Despite being allowed to ride the bus, Thompson is now labeled a “fare cheater” by the company. A “fare cheater,” as described by the “Page of Shame,” is anyone who alters a ticket or “tries to cheat us by passing off a cheap ticket for an expensive ride.”
Mick Wright, senior in ACES, is listed under “dishonored payments” after an incident that happened his freshman year at the University.
Wright said he did not experience any difficulties the first time he rode with Suburban Express, but, as he tried to board the bus on his second trip, he was told that he was no longer able to use the company.
“As I’m walking away from the bus driver he says, ‘Wait, you have to get off this bus. You’re banned.’ And I’m like, ‘Wait, what?’,” Wright said.
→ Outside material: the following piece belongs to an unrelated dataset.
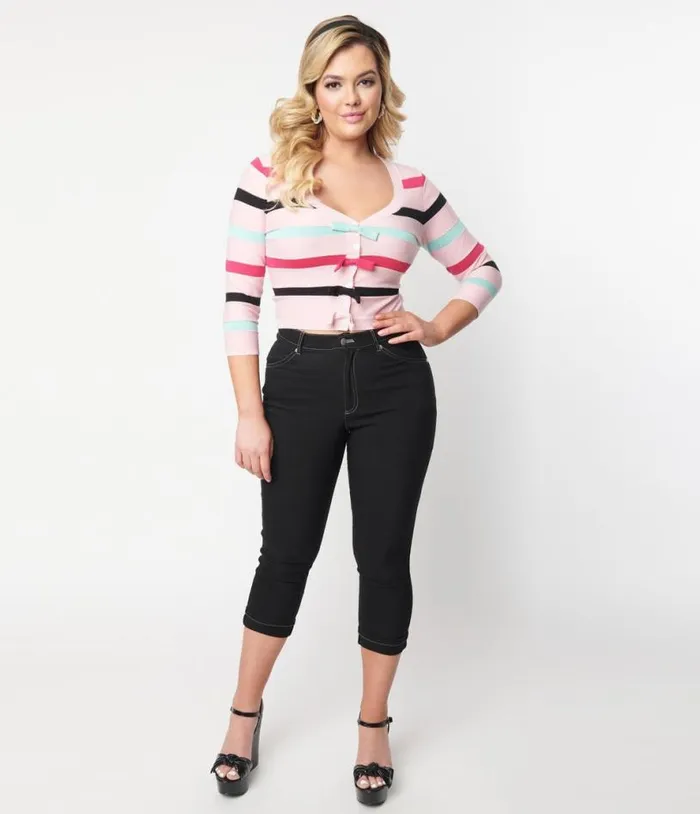 Black Denim Bengaline Capris Clothing Unique Vintage Pants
In the process of buying the ticket for his first trip, Wright said he noticed he had clicked the wrong destination. He was not completely through the checkout process, so he said he went back to change the destination before paying for and printing out the correct ticket.
Wright said he found out his mother’s credit card was charged for two tickets, presumably the correct and incorrect tickets. His mother canceled the payment for the incorrect ticket, and this action is what Wright says caused him to be on the list.
All parties said they received a letter from Suburban Express a few weeks after their experience with the company.
In Wright’s case, he said he sent a letter of complaint to the company and received a reply two months later.
“I was not the most polite in my letter to them, but their letter was ridiculous. They addressed it calling me a ‘scumbag,’” he said. “They threatened to push criminal charges against me. It was really weird.”
Thompson said he received a letter that asked him to pay a fine.
“They sent a letter to my house in the suburbs saying that I had broken their rules and fined me $50. They said if I did not pay them they would sue me in Ford County,” he said.
Thompson said that he chose to pay the fine because he thought it would get his information off the website and did not want to risk legal involvement.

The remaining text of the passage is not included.